Inzwischen ist auch der 2. Bauabschnitt im Herbst 2016 fertiggestellt worden. Die Gesamt­kosten belaufen sich jetzt auf ca. 10 Mio. €. Allein für den fehlenden oder fehler­haften Brandschutz sind Zusatzkosten von knapp 1 Mio. € erforderlich geworden. Kosten und Termine sind das eine. Ein ganz anderes Gewicht hat bei einer Schule ein mangelhafter Brandschutz.

Nur dem Wechsel in der Sachbearbeitung in unserer Verwaltung ist es zu verdanken, dass weitere Fehler vermieden wurden und Kosten und Termine nicht noch weiter aus dem Ruder gelaufen sind. Das ursprünglich be­auf­­tragte Architekturbüro wurde inzwischen gewechselt.
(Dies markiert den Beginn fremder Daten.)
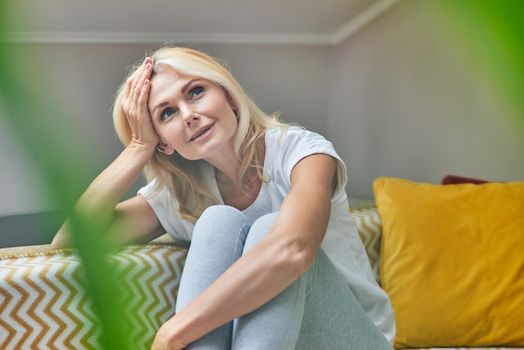 Middle aged caucasian woman dreaming while sitting with raised head on comfortable sofa in her flat, viewed through green plant. People spending time at home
Wer trägt die Verantwortung? Der Bürgermeister hat die Vergabe am Anfang allein- verantwortlich getroffen.
Er war in alle Entscheidungen eingebunden.
Er hat die zuständigen Gremien zwei Jahre zu spät informiert. Er trägt als Chef der Verwaltung in jedem Fall die Verantwortung. Das sehen aber unsere politischen Gremien anders. Nicht einmal dem Antrag der WUB auf Missbilligung konnte sich der zuständige Ausschuss mehrheitlich anschließen.

Fehler können passieren, Fehler dieser Grös­­senordnung müssen ausführlich und ergeb­­­nisoffen diskutiert werden, unabhängig da­von, wer sie zu verantworten hat. Es müssen Konsequenzen gezogen werden, denn es muss gewährleistet sein, dass sie sich nicht wiederholen.

Diese Diskussion war in den zuständigen Ausschüssen nicht zu führen. Im Gegenteil, wir haben den Eindruck erhalten, dass die Probleme unter den Teppich gekehrt werden sollten, weil sie eben „zu brisant“sind. Deshalb haben wir uns zu dieser Veröffentlichung entschlossen.